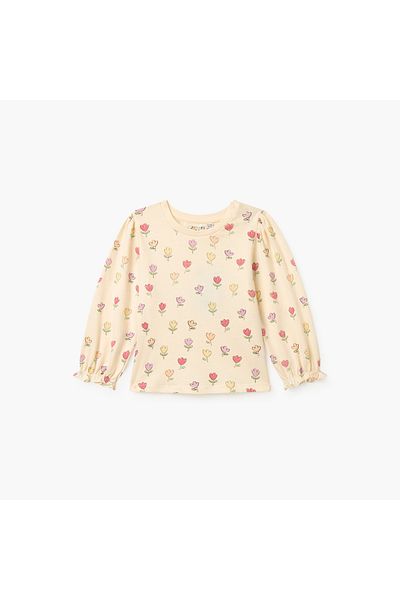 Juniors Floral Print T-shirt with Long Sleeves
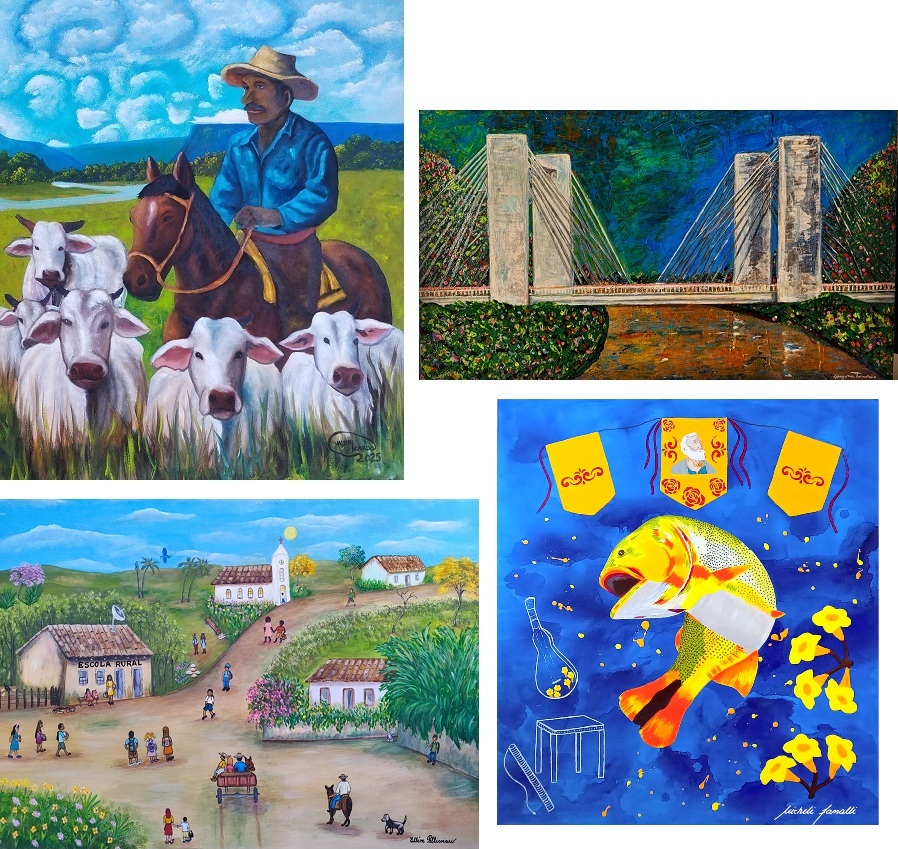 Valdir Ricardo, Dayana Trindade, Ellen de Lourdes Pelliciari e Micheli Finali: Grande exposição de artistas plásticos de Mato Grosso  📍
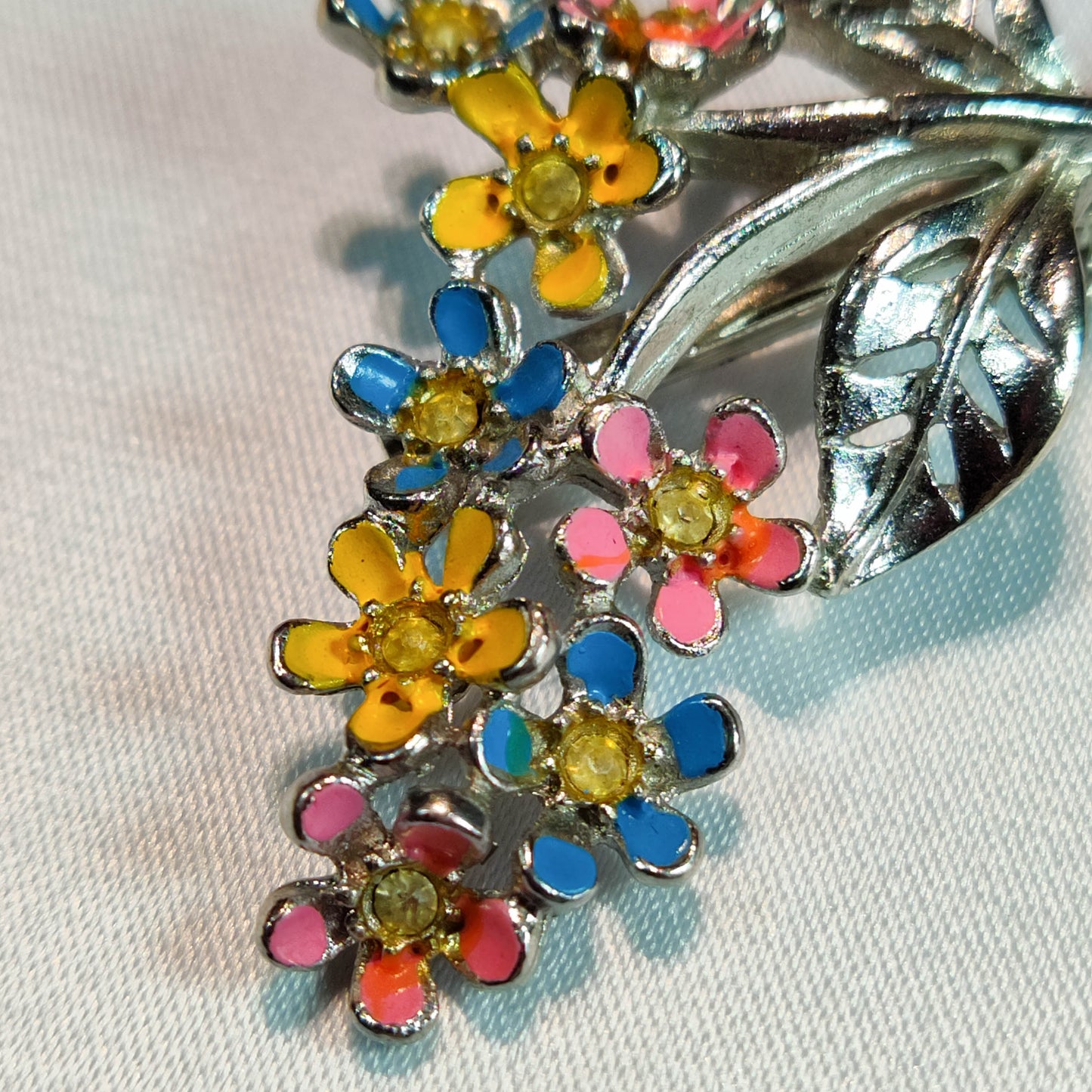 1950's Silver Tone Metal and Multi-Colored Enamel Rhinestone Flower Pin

==

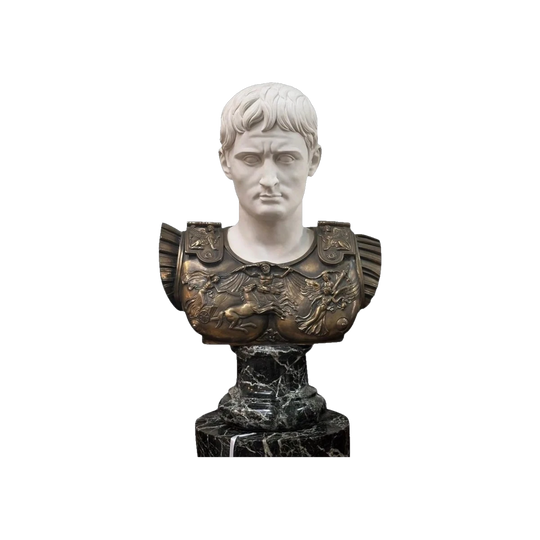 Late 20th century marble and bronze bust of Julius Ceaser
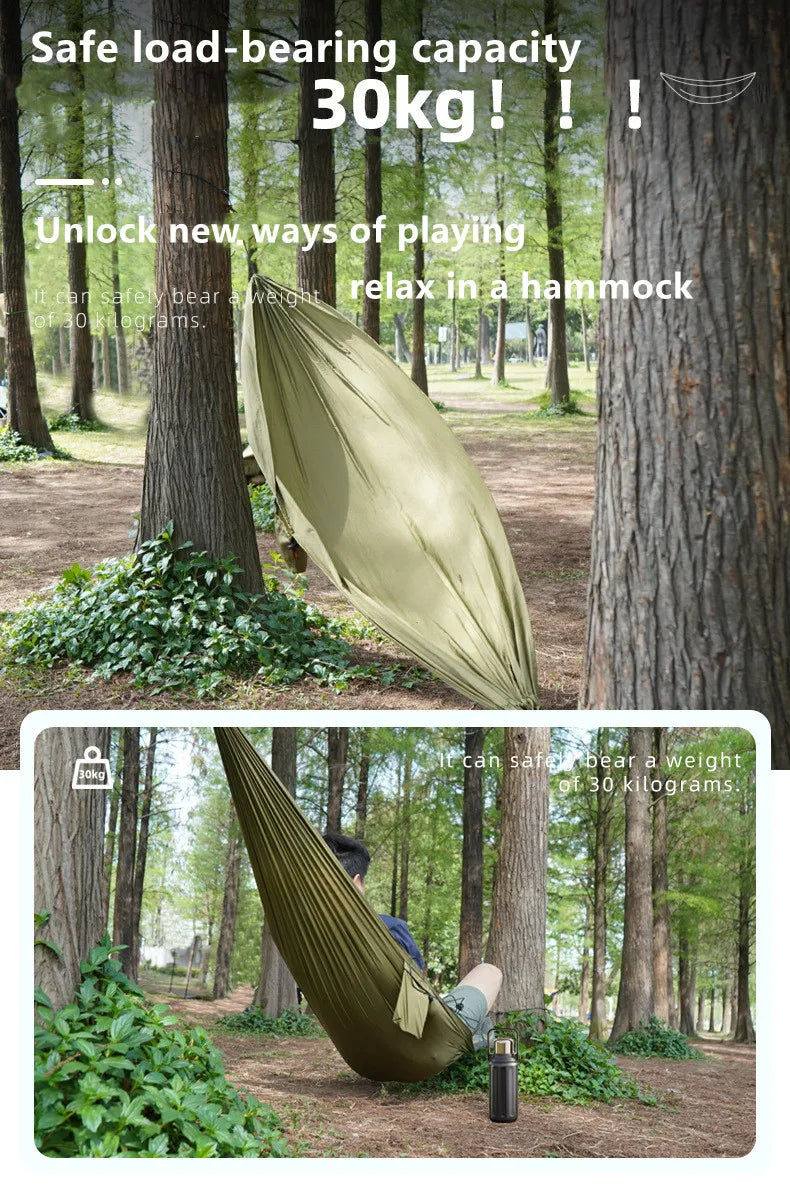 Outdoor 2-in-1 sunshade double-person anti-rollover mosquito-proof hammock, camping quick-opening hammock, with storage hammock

==

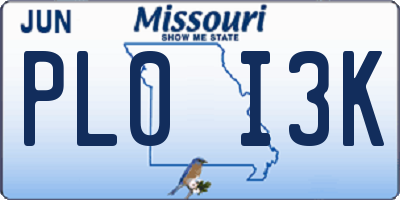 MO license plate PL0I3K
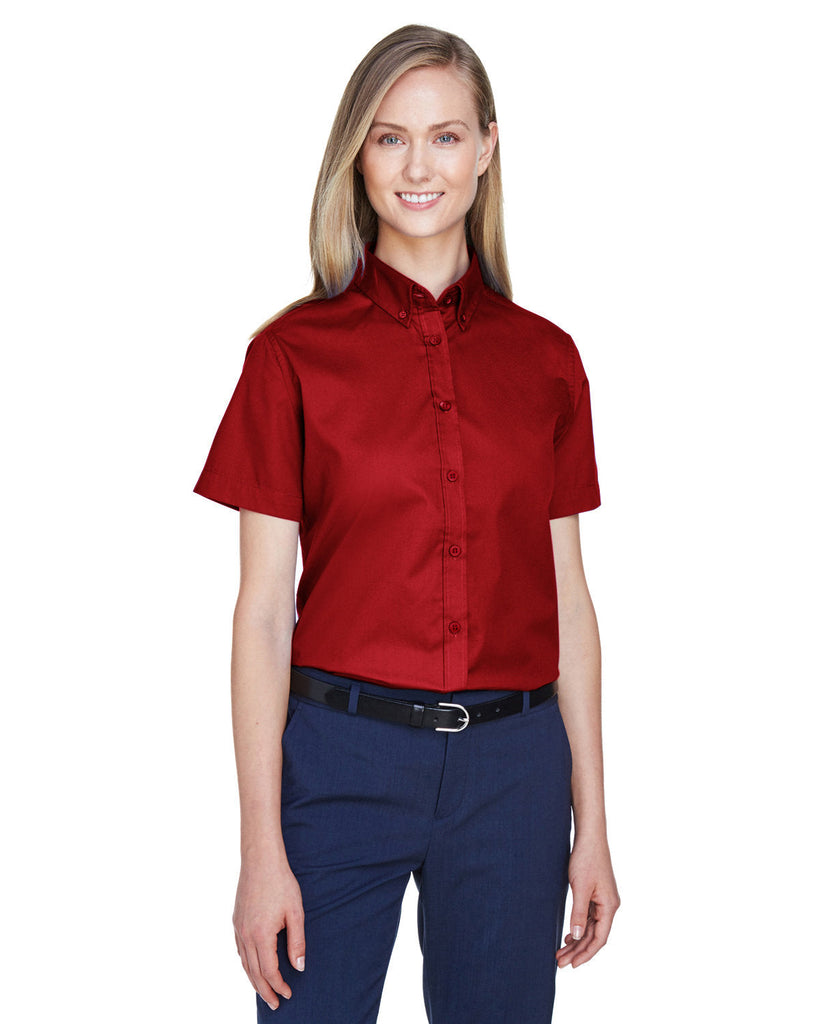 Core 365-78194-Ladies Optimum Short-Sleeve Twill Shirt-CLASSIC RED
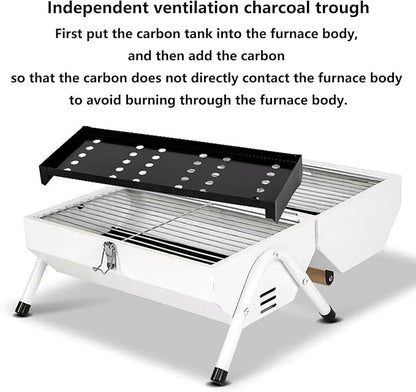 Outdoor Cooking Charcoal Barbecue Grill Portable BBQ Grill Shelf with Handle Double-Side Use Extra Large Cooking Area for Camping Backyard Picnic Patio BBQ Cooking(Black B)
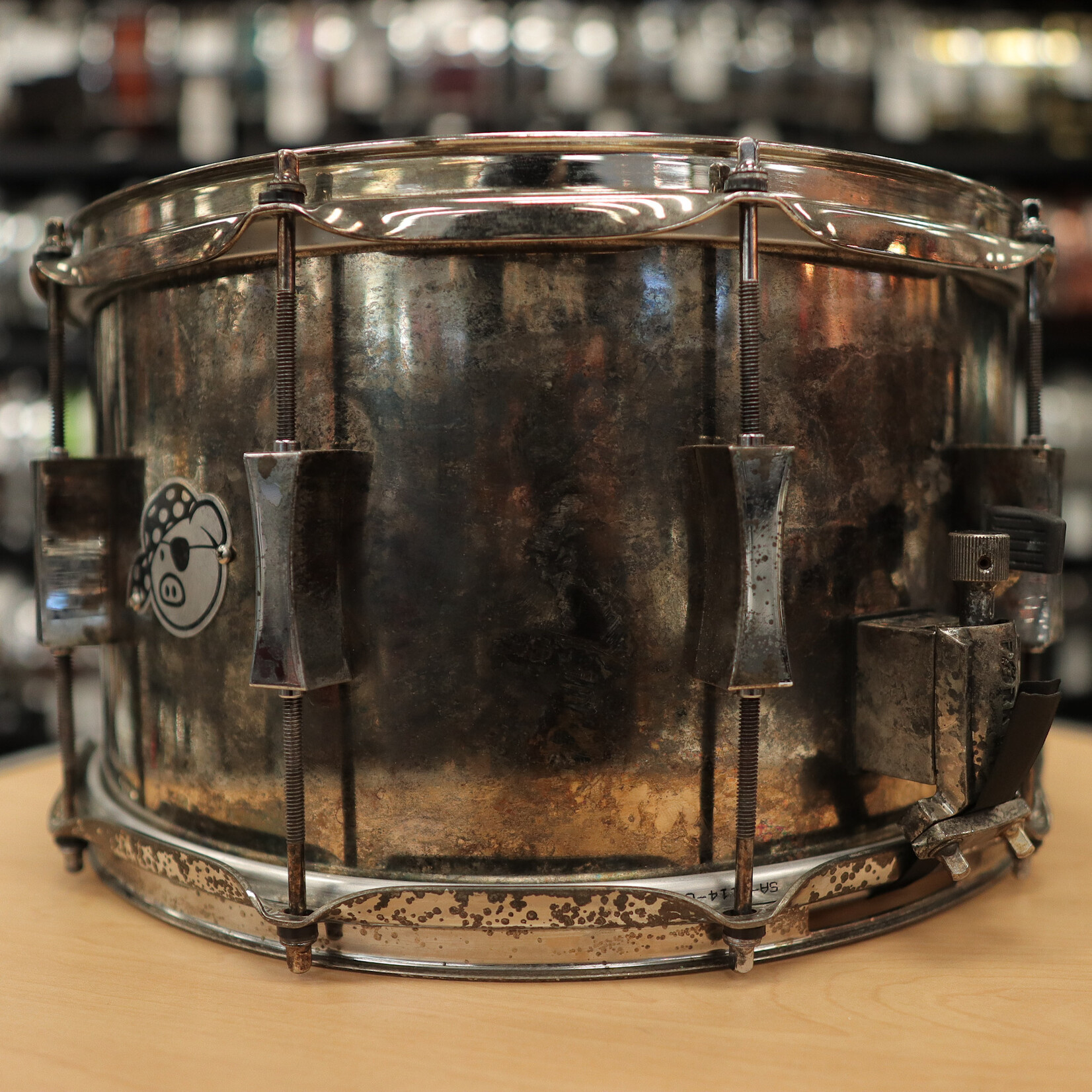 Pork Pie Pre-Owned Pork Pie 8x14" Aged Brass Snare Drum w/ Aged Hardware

Task description —
Copy nothing but the lines above that run from the one with "MO license plate PL0I3K" to the one with "Pork Pie Pre-Owned", ends included; pictures stay out.

Response box —
 MO license plate PL0I3K
 Core 365-78194-Ladies Optimum Short-Sleeve Twill Shirt-CLASSIC RED
 Outdoor Cooking Charcoal Barbecue Grill Portable BBQ Grill Shelf with Handle Double-Side Use Extra Large Cooking Area for Camping Backyard Picnic Patio BBQ Cooking(Black B)
 Pork Pie Pre-Owned Pork Pie 8x14" Aged Brass Snare Drum w/ Aged Hardware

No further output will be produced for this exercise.